More than 25 people to sue over circulation of images taken at Dublin Garda station

Contractor working in Kilmainham allegedly circulated images of Garda bulletin board

Claimants say they were described on the Garda bulletin boards as being active criminals.

Claimants say they were described on the Garda bulletin boards as being active criminals.

 

More than 25 people intend to sue over the circulation on social media of images containing their names and photographs on a Garda notice board.

The actions arise out of claims that a person, believed to be a contractor employed by the Garda, was permitted access to a room in Kilmainham Garda station in March 2019 which contained briefing bulletins.

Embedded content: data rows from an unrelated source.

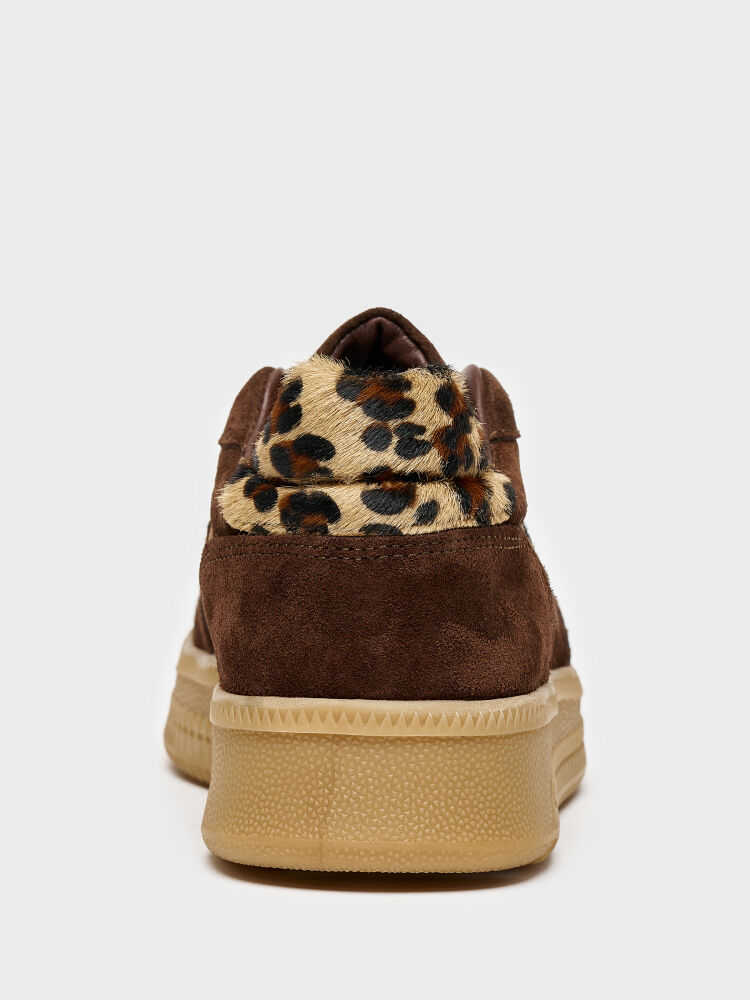 10421 KADIN SNEAKER AYAKKABI KAHVE SÜET/LEOPAR - 4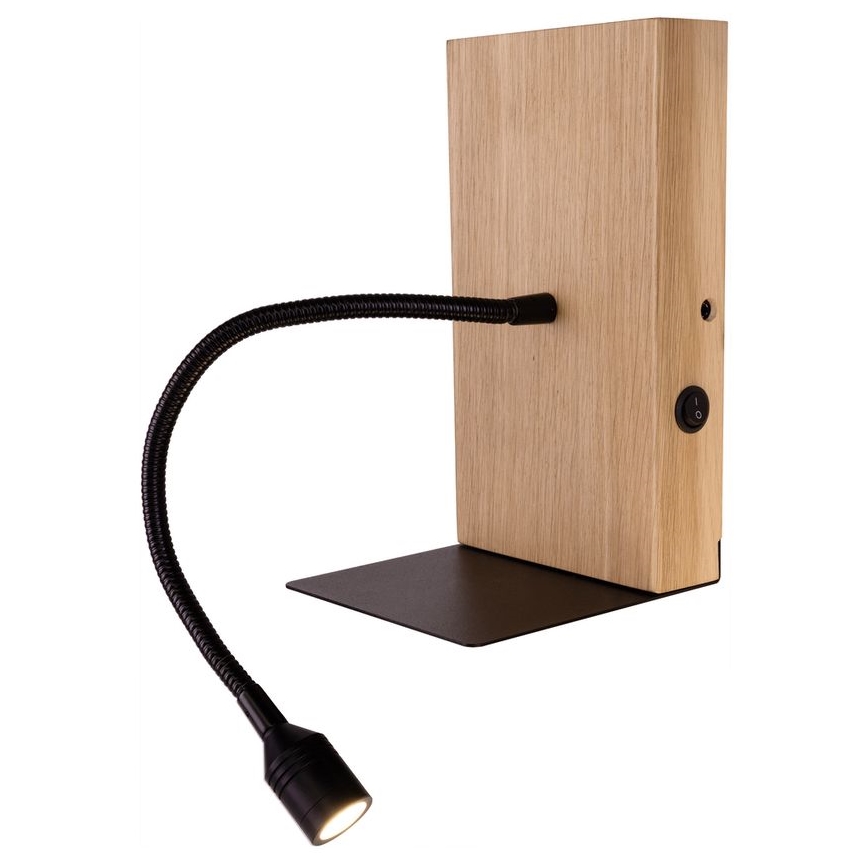 Wall light LECTOR LED/2,5W/230V USB oak – FSC certified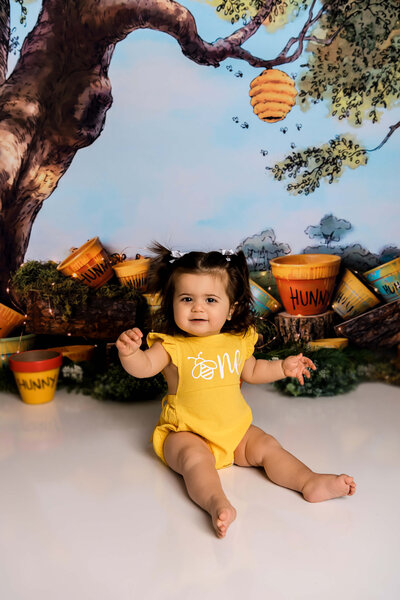 Child with a Winnie the Pooh cake smash session in Fairfield County, CT.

It is claimed one bulletin displayed various details, including photographs of their faces, names and addresses.

They claim they were described on the bulletin boards as being active criminals from Ballyfermot/Labre Park or criminals from Kilmainham and Inchicore.

They claim they have either no convictions or very minor ones, meaning that they could not be described as criminals or active criminals.

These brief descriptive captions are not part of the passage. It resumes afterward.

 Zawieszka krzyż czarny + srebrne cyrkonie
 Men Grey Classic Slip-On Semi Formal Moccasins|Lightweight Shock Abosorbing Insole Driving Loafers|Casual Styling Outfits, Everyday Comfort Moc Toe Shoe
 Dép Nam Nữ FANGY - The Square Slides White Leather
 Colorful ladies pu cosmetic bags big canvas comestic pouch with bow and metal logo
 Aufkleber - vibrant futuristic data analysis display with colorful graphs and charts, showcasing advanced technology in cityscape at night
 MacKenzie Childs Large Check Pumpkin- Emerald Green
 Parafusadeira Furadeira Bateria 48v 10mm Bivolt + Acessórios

Some of the applicants were in their late teens when the images were circulated.

They also claim they were photographed alongside multiple notorious criminals involved in murderous feuding, an Islamic extremist, and a convicted sex offender.

It is claimed the contractor took pictures of the bulletin boards and circulated the photographs on a Whatsapp group and online.

As a result, the 25 people intend to bring proceedings, including alleging defamation, breach of privacy and breach of the Data Protection Act, against the Garda Commissioner and the contractor.

Applications in respect of their intended claims came before Ms Justice Leonie Reynolds at the High Court on Friday.

Following an application by Mark Lynam BL, for more than 20 of the applicants, the judge made an order requiring the Commissioner provide them with the name and address of the person who photographed the bulletin boards at Kilmainham Garda station in March 2019.

On consent

The order was made on consent by the Commissioner, represented by Conor Power SC, and includes an undertaking by the applicants not to use the contractor’s details other than to pursue their claims.

The order was sought to allow the applicants bring their actions against the contractor.

It was claimed his name and address had been in the possession of the Commissioner but, despite several requests for those details, the Commissioner failed to provide them.

An order was made last year directing the Commissioner to provide another person suing over the circulation of the photographs with the contractor’s details and it was hoped the Commissioner would co-operate in respect of the other persons who wish to bring proceedings.

When that did not happen, the other intended litigants had no option but to seek an order aimed at compelling the Commissioner to provide them with the contractor’s details.

There was a high degree of urgency in the matter as applicants suing for defamation need to bring their claims within 12 months of the pictures being published, Mr Lynam submitted.

Earlier this week, the High Court granted the applicants permission to serve short notice of their application for such an order against the Commissioner.

When the matter returned before Ms Justice Reynolds on Friday, she was told the matter had been resolved.